Their latest move is to require written answers from Kim to a long list of questions, including "the number of inches above the knee of your amputation for your right and left leg"; a list of all the prostheses she has had.

"For each set of prosthetics since your initial set," reads the Discovery Request, "please describe the following: date acquired, name of prostheticist, cost of prosthetics and who paid for them." She is to "describe the component construction of each set of prosthetics." Additional questions demand to know if she is "ambulatory with your current set of prosthetics," her "frequency of each period of walking" and "duration of each period of walking." It requires her to "describe the type and location of walking" and "any aid used to assist with walking." Ptarmigan Village wants to know if her "pattern of walking has changed since obtaining your current set of prosthetics" and if so "please describe the approximate date of each change and describe the change."

Such material, which has no place in a discrimination suit, seems to be intended to prove that Kim Barreda is malingering -- but with a purpose beyond that: to serve as a way to demoralize the Barredas, to make to appear "like I've done something wrong."

"They're turning it into a freak show," says Kim Barreda. "And I'm the freak."

Her experience fighting for access has shown Barreda, she says, why more people don't push for their rights.
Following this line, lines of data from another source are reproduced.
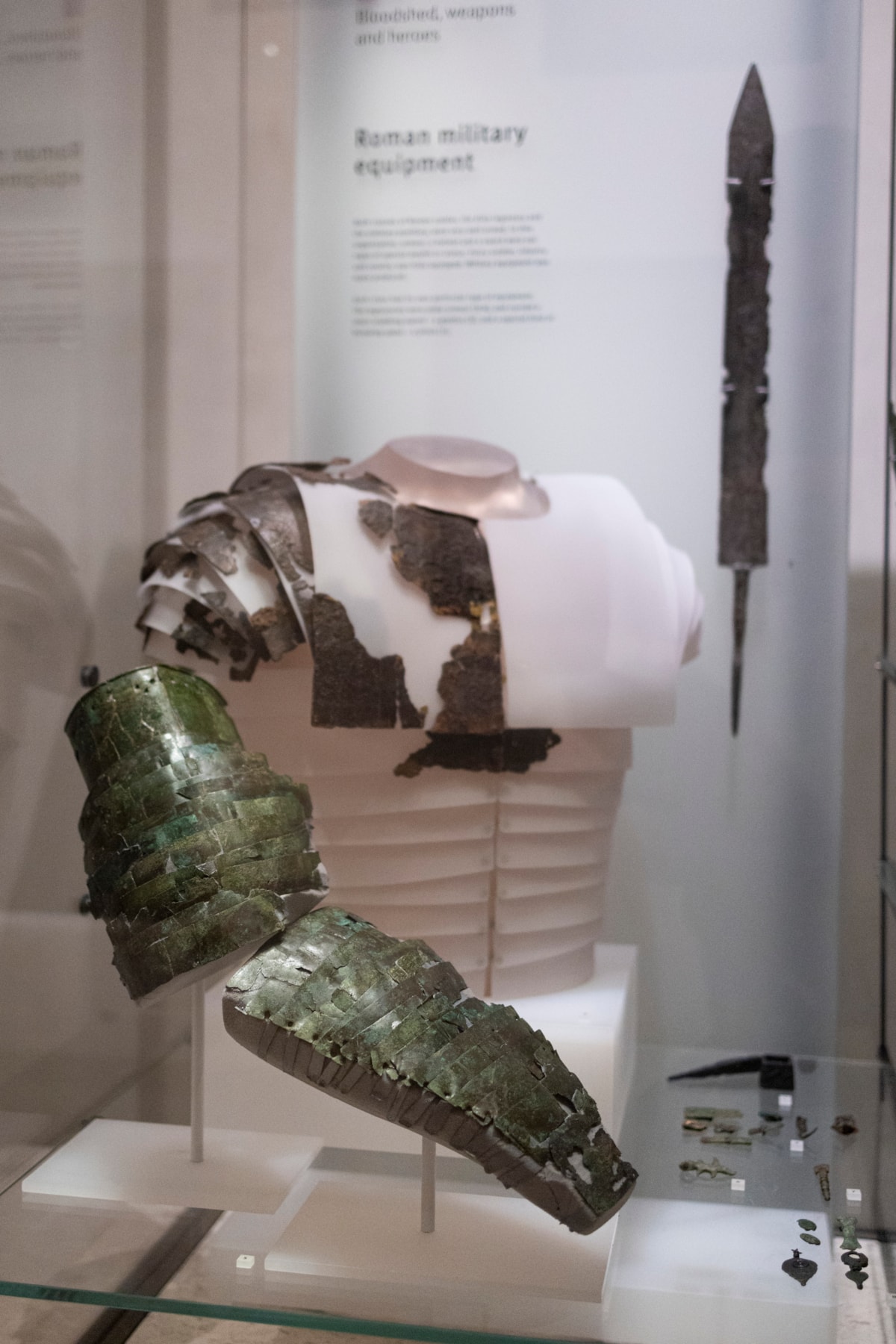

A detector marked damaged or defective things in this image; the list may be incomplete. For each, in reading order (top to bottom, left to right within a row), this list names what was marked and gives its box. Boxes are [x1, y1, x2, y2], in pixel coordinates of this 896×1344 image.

dark corroded metal piece [720, 63, 774, 736]
dark corroded metal piece [311, 597, 424, 731]
dark corroded metal piece [394, 726, 561, 780]
dark corroded metal piece [66, 669, 327, 1000]
dark corroded metal piece [223, 908, 636, 1231]
dark corroded metal piece [679, 1156, 735, 1177]
dark corroded metal piece [811, 1161, 833, 1204]
dark corroded metal piece [784, 1242, 822, 1284]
People who have legitimate complaints are afraid to press their cases "because somebody will ask about their catheter."

Ptarmigan Village has refused to consider settling, said Wold; they now insist they would have worked to resolve the problems -- if no lawsuit had been filed. "If we did not have this lawsuit in front of us, we would be working, I believe, cooperatively with Kim to make accommodations and resolve problems," said Dyck in a deposition.

Ptarmigan Village is represented by the prestigious Montana law firm of Crowley, Haughey, Hanson, Toole & Dietrich with offices in a half dozen Montana towns. Its website at www.crowleylaw.com boasts that its attorneys have received a top rating from Martindale and Hubble; are listed "among The Best Lawyers in America by authors Naifeh & Smith" and are members of the American College of Real Estate Lawyers.

At the start of the suit, Wold said, his clients would have accepted "the repairs and an apology." But rather than paying the few thousand dollars it would cost to restore access, the resort is spending up to ten times the amount in attorney fees. "The fact that their insurance company is willing to spend that rather than remedy the situation is absolutely amazing," says Wold.

"A lot of people go through their lives not realizing what rights they have," says Wold, adding that awareness of disability rights law is minimal in Montana. This is Wold's first disability rights case as well; his practice focuses on personal injury lawsuits (Messages can be sent to him or the Barredas by logging onto www.woldlawfirm.com).

It would seem as though the Barredas have a clearly winnable case. But this is Montana, and the case will go to jury trial unless it is settled beforehand. Ptarmigan Village seems determined to battle all the way to trial, trying to wear down the plaintiffs and hoping to get a jury that knows little about disability rights, but who will understand that the Barredas aren't "trying hard enough."

Ragged Edge's requests for interviews of both Ptarmigan Village management and their attorney were refused.

Mary Johnson is Editor of Ragged Edge magazine.